Treatment of lidocaine on subacute thyroiditis via restraining inflammatory factor expression and inhibiting pyroptosis pathway

BACKGROUND: To explore the role of lidocaine on subacute thyroiditis (SAT) and the molecular mechanism. METHODS: SAT models were constructed by infecting adenovirus to thyroid follicular epithelial cells. Cells were randomly divided into five groups: model group, low lidocaine, middle lidocaine, high lidocaine, and a control group. Thyroid secretion related factors TG and TPO, T3 and T4 were separately determined by reverse transcription-polymerase chain reaction (RT-PCR) and radioimmunoassay. Flow cytometry was used to determine thyroid follicular epithelial cell apoptosis situation.

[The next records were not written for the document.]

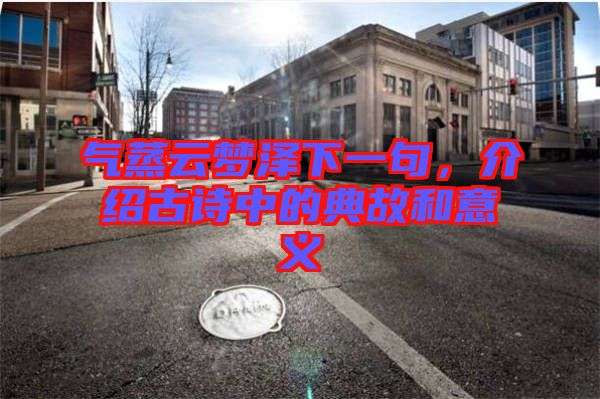 氣蒸云夢(mèng)澤下一句，介紹古詩(shī)中的典故和意義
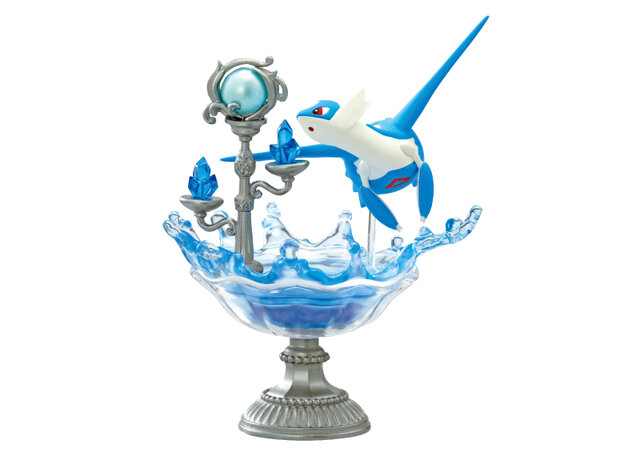 ラティアス、ラティオスが躍動感たっぷりに飛び回る！『ポケモン』輝く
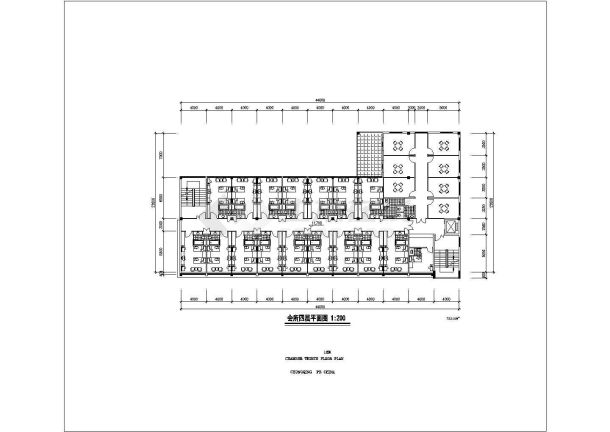 [重庆]某水城五层现代型会所建筑方案图VIP-图一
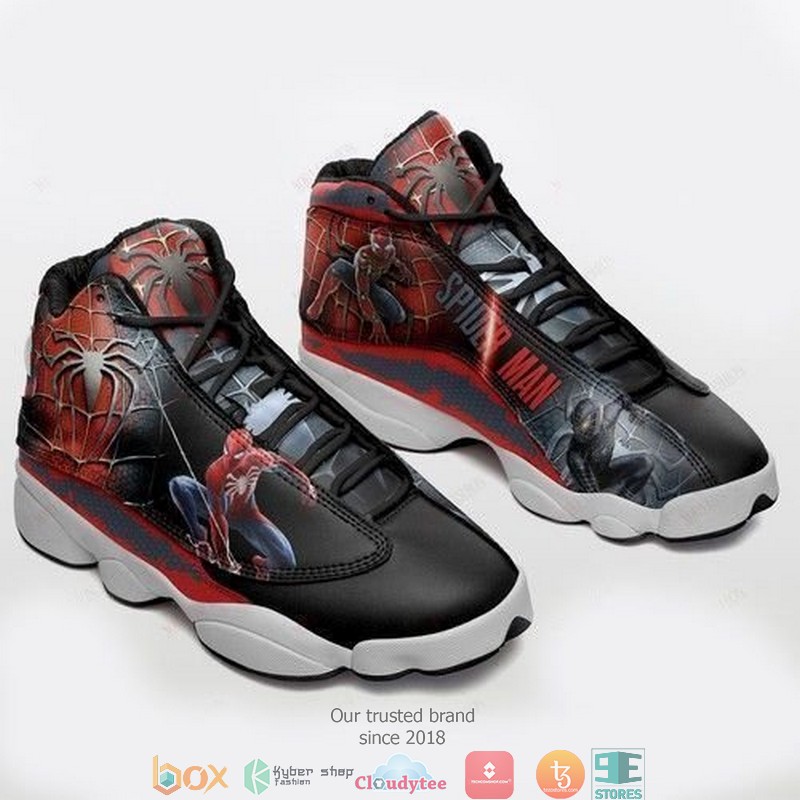 Spider Man Sport Air Jordan 13 Sneaker Shoes Spider Man Sport Air Jordan 13 Sneaker Shoes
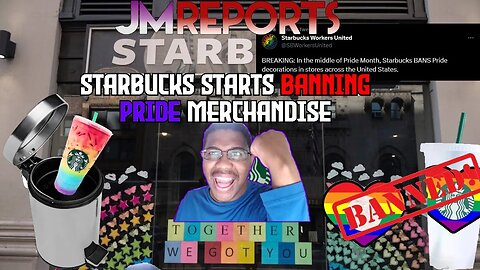 Pride is CRUMBELING Starbucks BANNED ALL pride decorations huge culture win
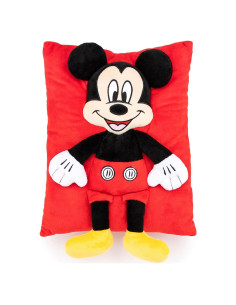 Almohada 3D Mickey Mouse Jay Franco 38x28 cm Microfibra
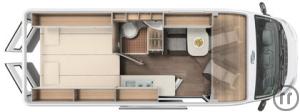 Wohnmobil CV 640 ED15 AD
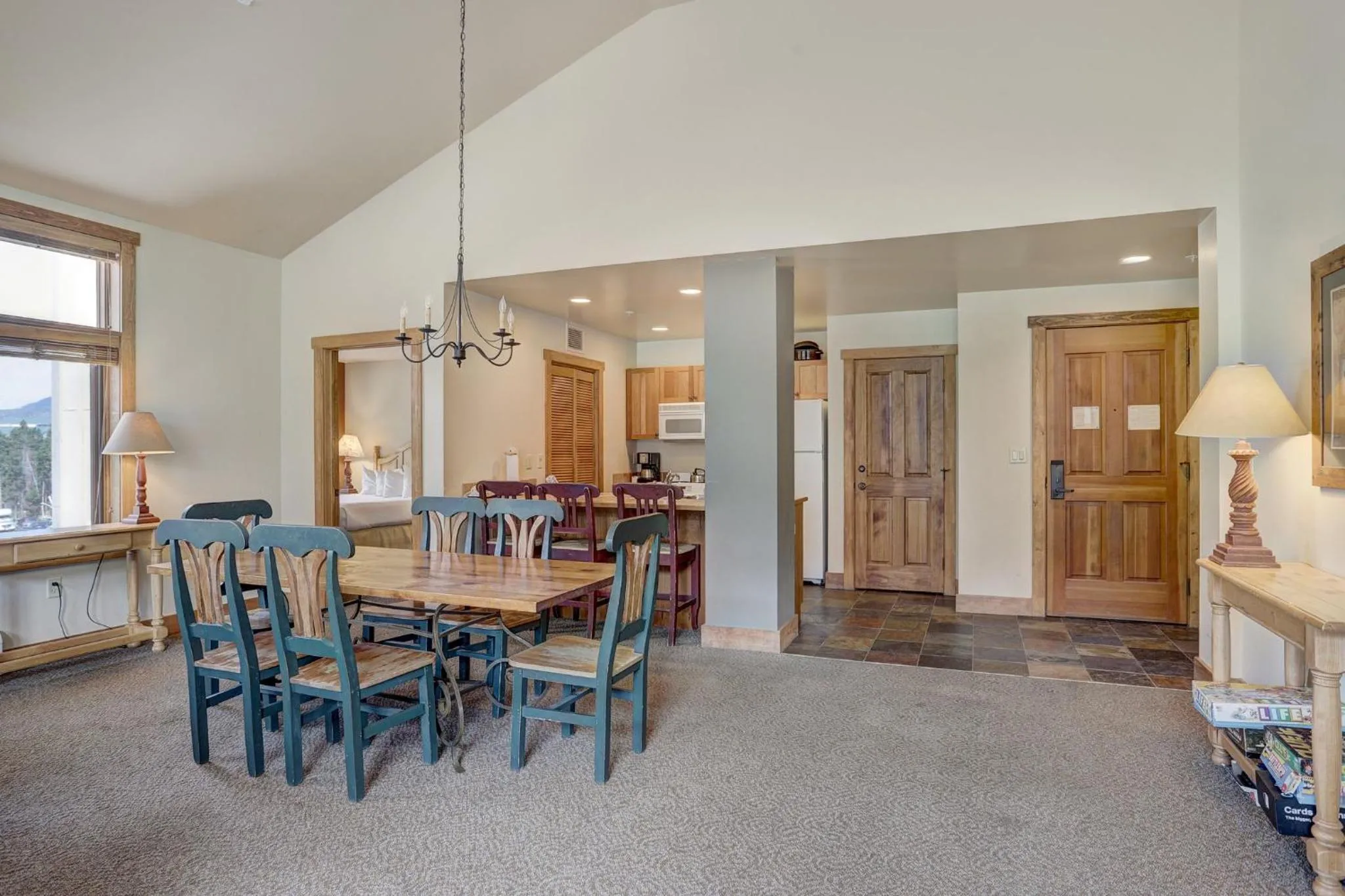 Living room in Red Hawk, A Vail Resorts Property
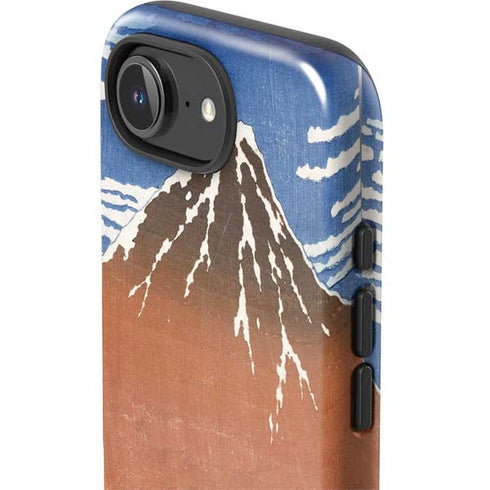 Hokusai Fuji Mountains in clear Weather iPhone 16e Impact Case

RT-PCR and Western blot analysis were used to determine the expression of inflammatory cytokines and pyroptosis related factors interleukin (IL)-1α, IL-6, THF-α, ELAVL1, NLR family pyrin domain containing 3 (NLRP3), caspase-1, and IL-1β. RESULTS: Lidocaine decreased the relative level of TG, TPO, T3, and T4 in adenovirus-infected thyroid follicular epithelial cells. All levels of concentrations, including low, middle, and high, of lidocaine, significantly decreased the apoptosis rate of adenovirus-infected cells. Lidocaine dramatically reduced the protein expression of IL-1α, IL-6, THF-α, ELAVL1, NLRP3, caspase-1, and IL-1β in adenovirus-infected thyroid follicular epithelial cells. CONCLUSION: Lidocaine can improve SAT through inhibiting expression of inflammatory factors and the pyroptosis pathway.